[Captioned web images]
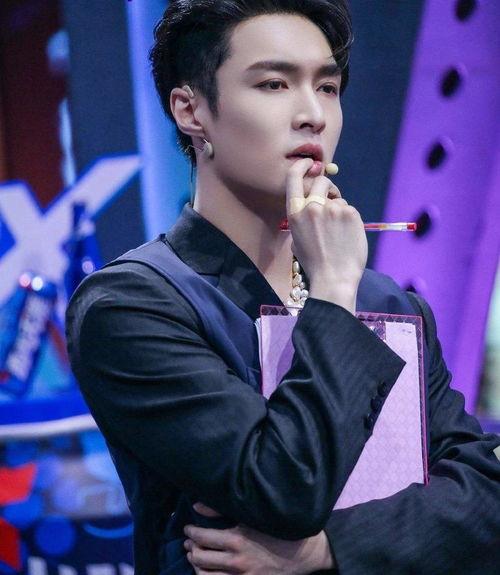 王一博和张艺兴吃瓜视频,揭秘娱乐圈幕后故事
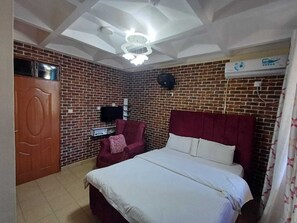 Studio Suite Deluks, balkon, pemandangan kota | Seprai premium, meja kerja, dan ruang kerja ramah laptop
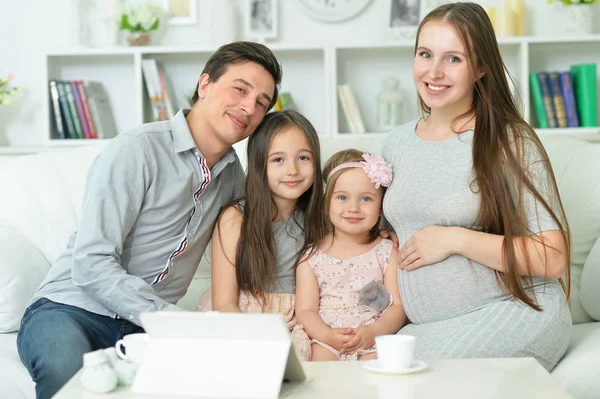 Mujer Embarazada Feliz Con Marido Hijas Sentados Sofá Casa —  Fotos de Stock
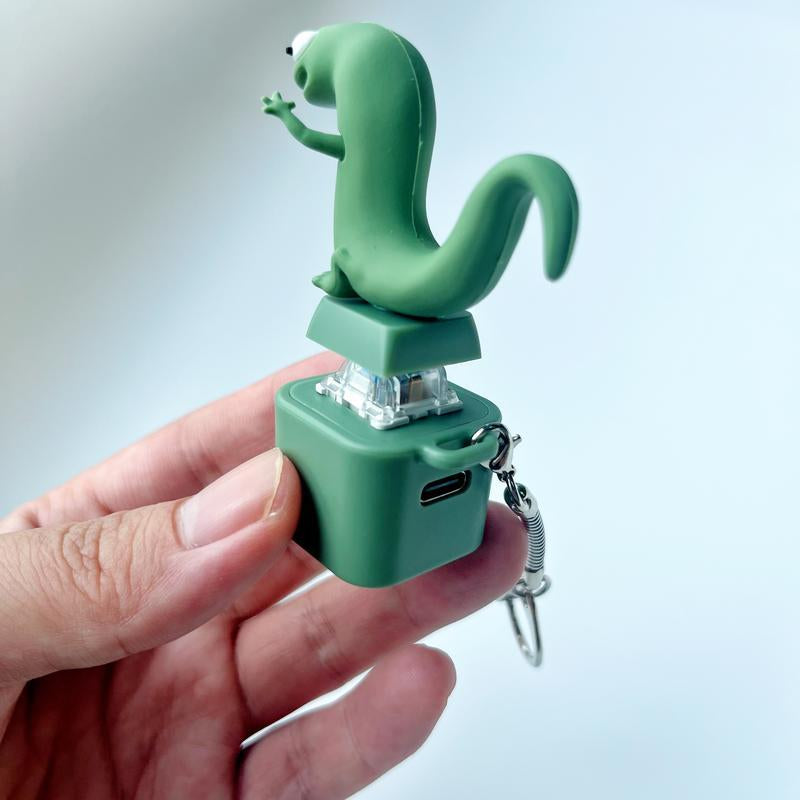 Lizard Keychain with Rechargeable LED Light & Realistic Croak – Color-Changing Fun Toy Keyring for Kids & Adults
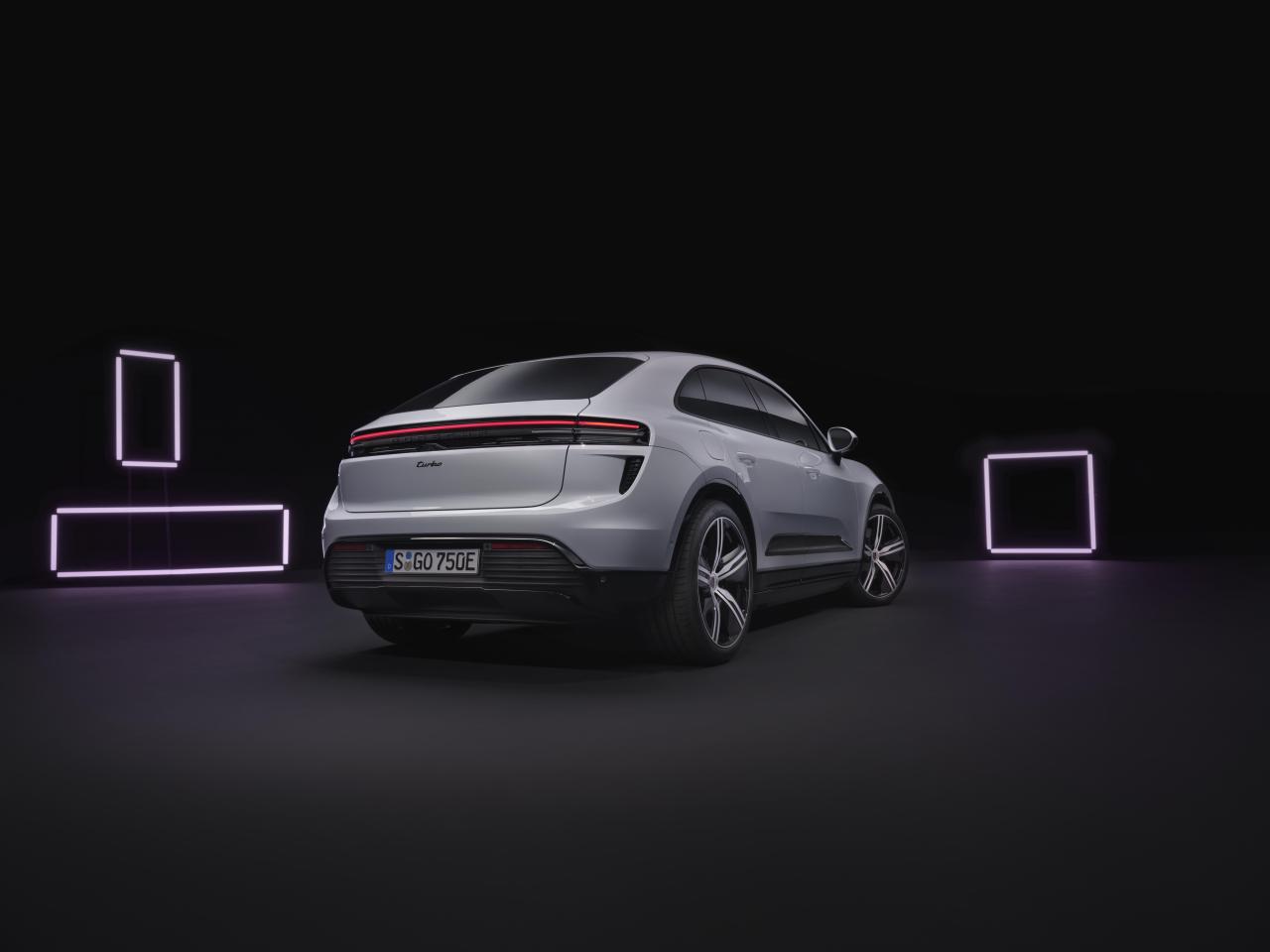 Macan_Turbo_002.thumb.jpg.5a4d1a9e1e4df5681cdc4f19d517cb49.jpg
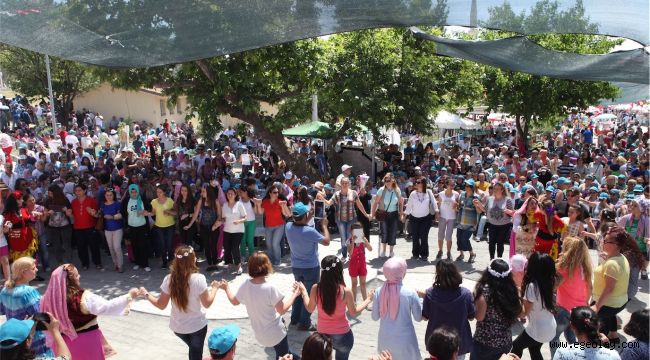 Bornova'da kiraz buluşması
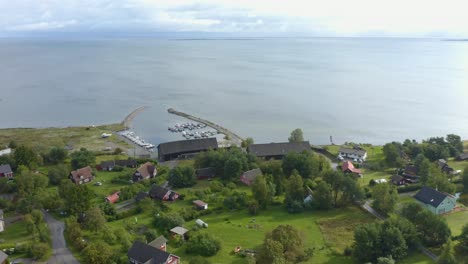 impresionante dron de un pueblo estonio junto al mar con un pequeño puerto y barcos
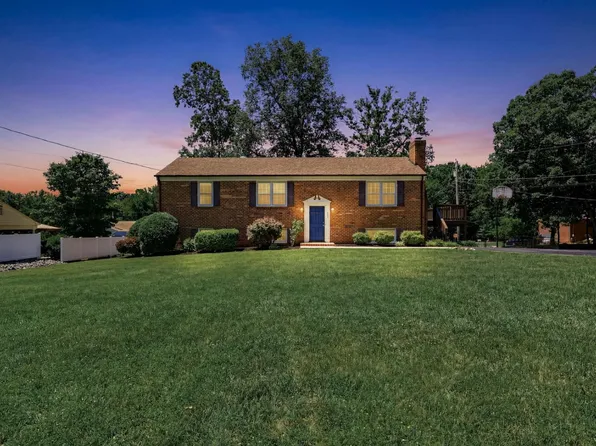 201 Forest Dale Dr, Forest, VA 24551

-- YOUR OBJECTIVE --
All of the data must be given again exactly, without the pictures.

-- TASK OUTPUT --
 王一博和张艺兴吃瓜视频,揭秘娱乐圈幕后故事
 Studio Suite Deluks, balkon, pemandangan kota | Seprai premium, meja kerja, dan ruang kerja ramah laptop
 Mujer Embarazada Feliz Con Marido Hijas Sentados Sofá Casa —  Fotos de Stock
 Lizard Keychain with Rechargeable LED Light & Realistic Croak – Color-Changing Fun Toy Keyring for Kids & Adults
 Macan_Turbo_002.thumb.jpg.5a4d1a9e1e4df5681cdc4f19d517cb49.jpg
 Bornova'da kiraz buluşması
 impresionante dron de un pueblo estonio junto al mar con un pequeño puerto y barcos
 201 Forest Dale Dr, Forest, VA 24551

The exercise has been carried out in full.